● AIM OF THE EXERCISE:
Word for word, set down every line of the entries below from the line with "中国排协公布全(quán)锦" to the line with "Colmar Premium Witte", including both, and no other line.

● GIVEN ENTRIES:
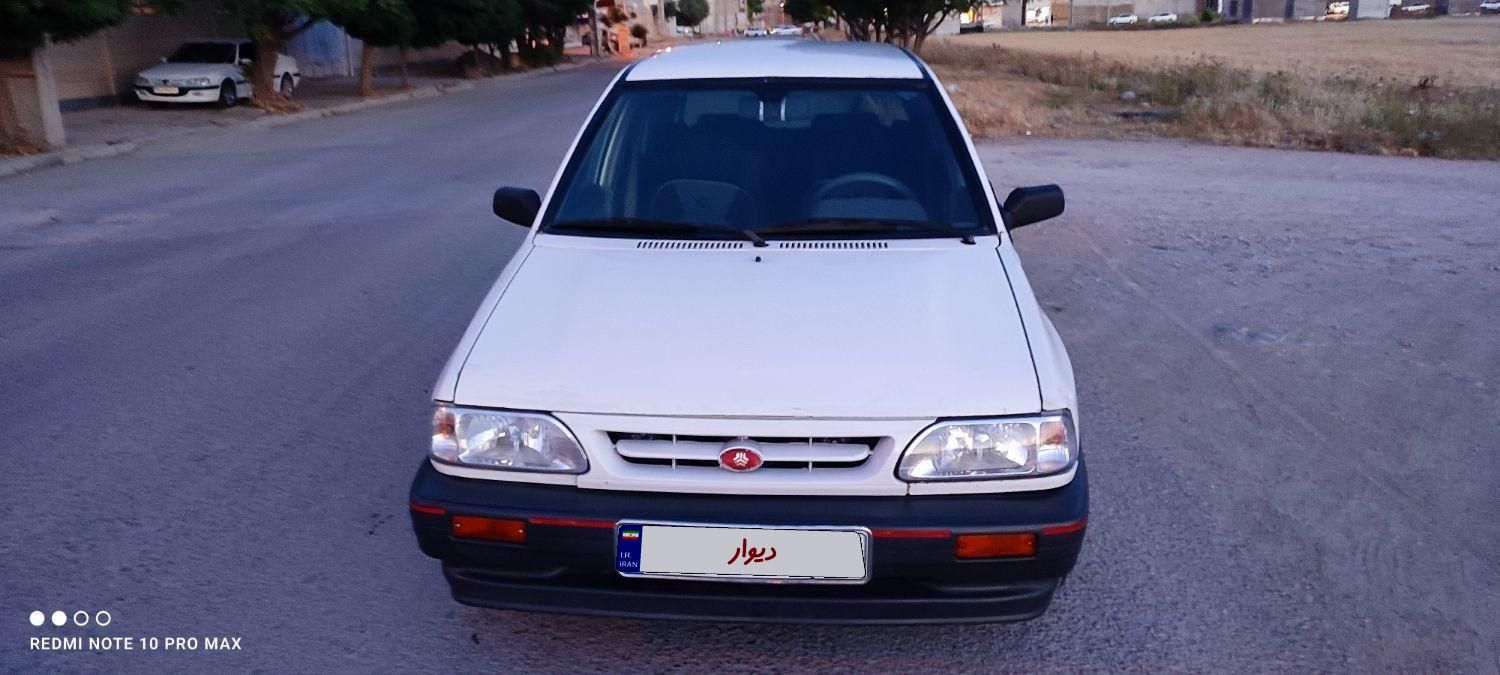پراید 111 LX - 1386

...

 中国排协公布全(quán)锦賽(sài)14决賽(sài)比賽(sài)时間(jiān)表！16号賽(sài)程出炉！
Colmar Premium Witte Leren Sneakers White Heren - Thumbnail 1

● ANSWER FOR THIS EXERCISE:
 中国排协公布全(quán)锦賽(sài)14决賽(sài)比賽(sài)时間(jiān)表！16号賽(sài)程出炉！
Colmar Premium Witte Leren Sneakers White Heren - Thumbnail 1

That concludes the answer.